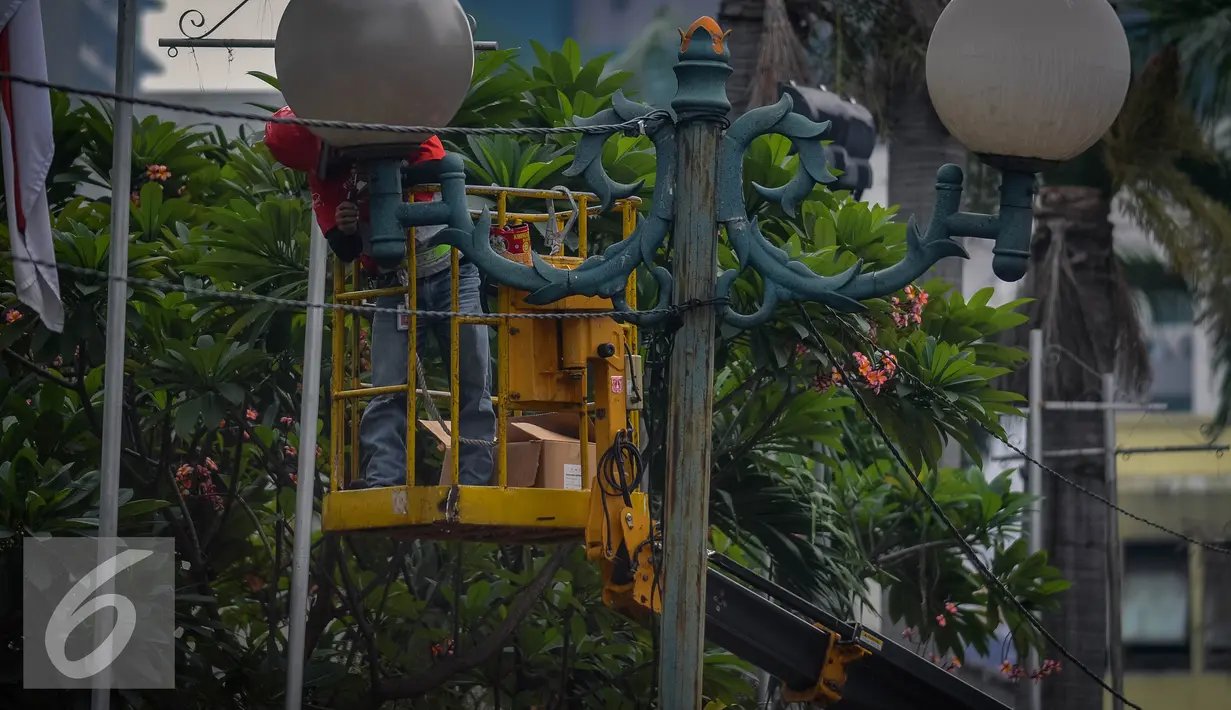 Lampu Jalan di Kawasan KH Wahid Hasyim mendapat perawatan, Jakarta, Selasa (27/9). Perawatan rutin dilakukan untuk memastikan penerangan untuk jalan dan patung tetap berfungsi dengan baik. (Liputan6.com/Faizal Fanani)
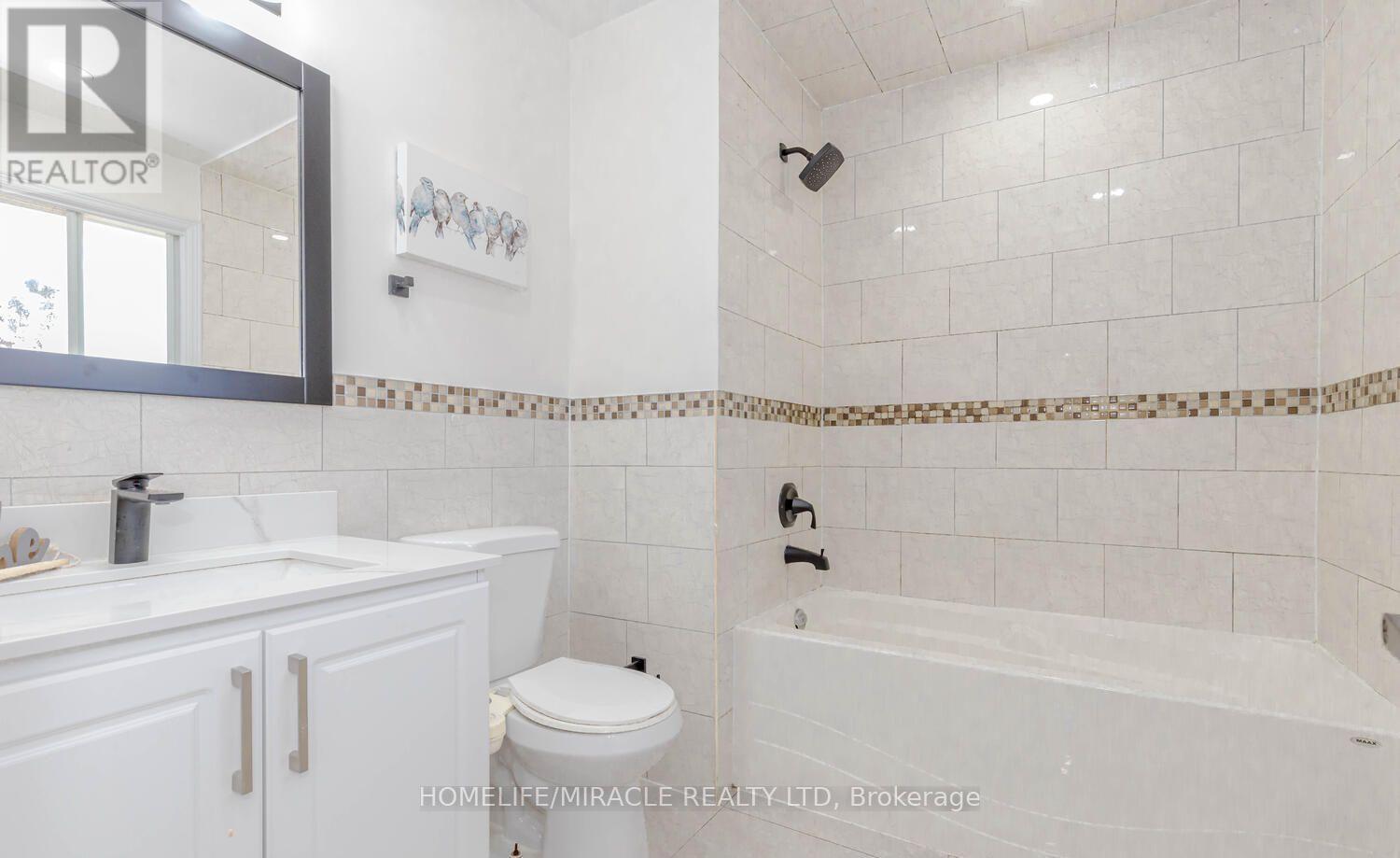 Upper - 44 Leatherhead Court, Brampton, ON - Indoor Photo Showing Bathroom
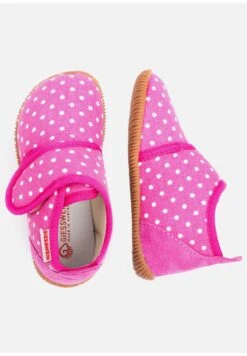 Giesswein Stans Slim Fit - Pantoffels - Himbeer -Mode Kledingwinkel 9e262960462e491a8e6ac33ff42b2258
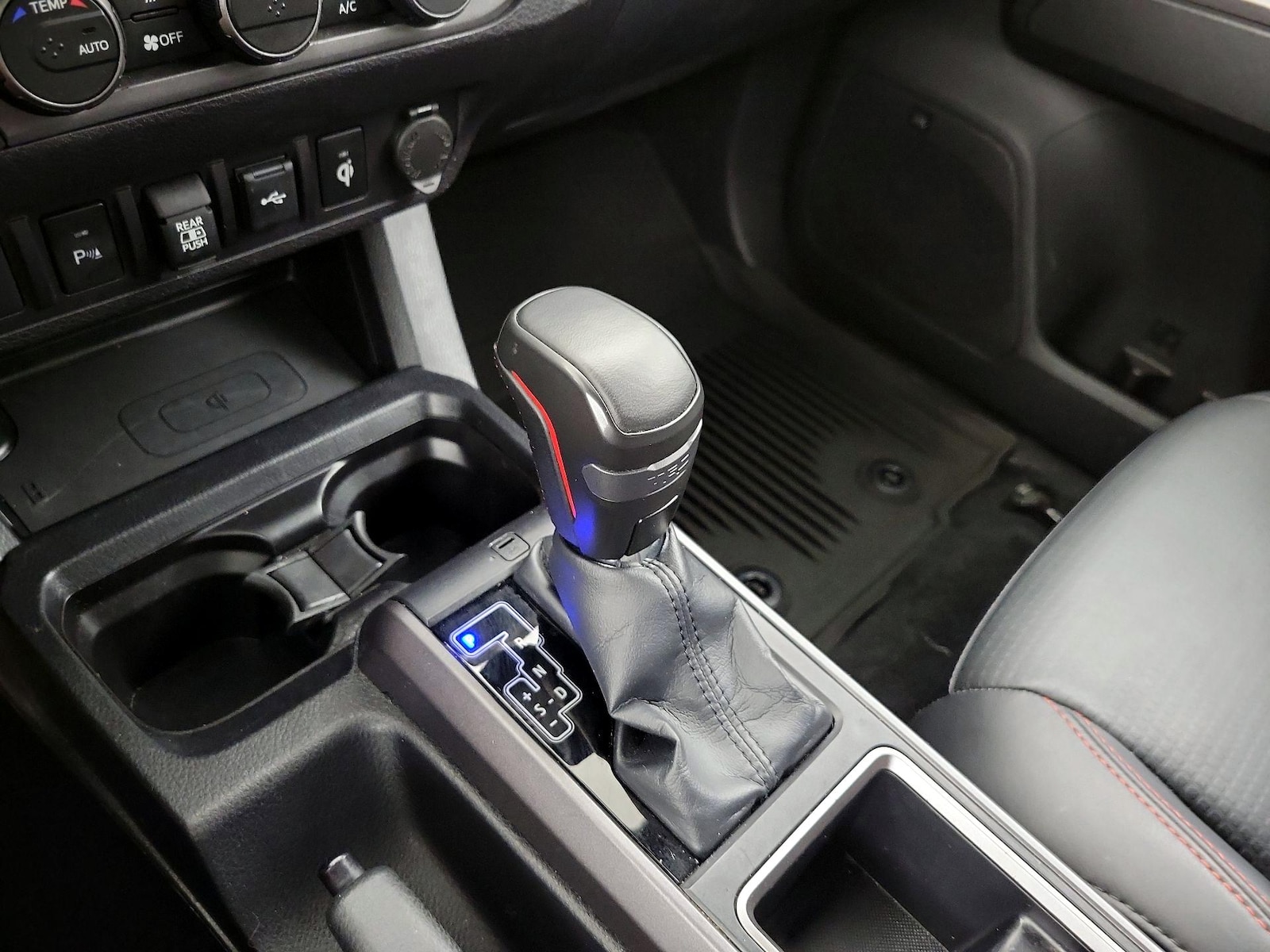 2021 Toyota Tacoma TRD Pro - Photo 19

■ **What is needed**:
Repeat the data exactly as given. Keep every picture out of the copy.

■ **Solution for this task**:
 Lampu Jalan di Kawasan KH Wahid Hasyim mendapat perawatan, Jakarta, Selasa (27/9). Perawatan rutin dilakukan untuk memastikan penerangan untuk jalan dan patung tetap berfungsi dengan baik. (Liputan6.com/Faizal Fanani)
 Upper - 44 Leatherhead Court, Brampton, ON - Indoor Photo Showing Bathroom
 Giesswein Stans Slim Fit - Pantoffels - Himbeer -Mode Kledingwinkel 9e262960462e491a8e6ac33ff42b2258
 2021 Toyota Tacoma TRD Pro - Photo 19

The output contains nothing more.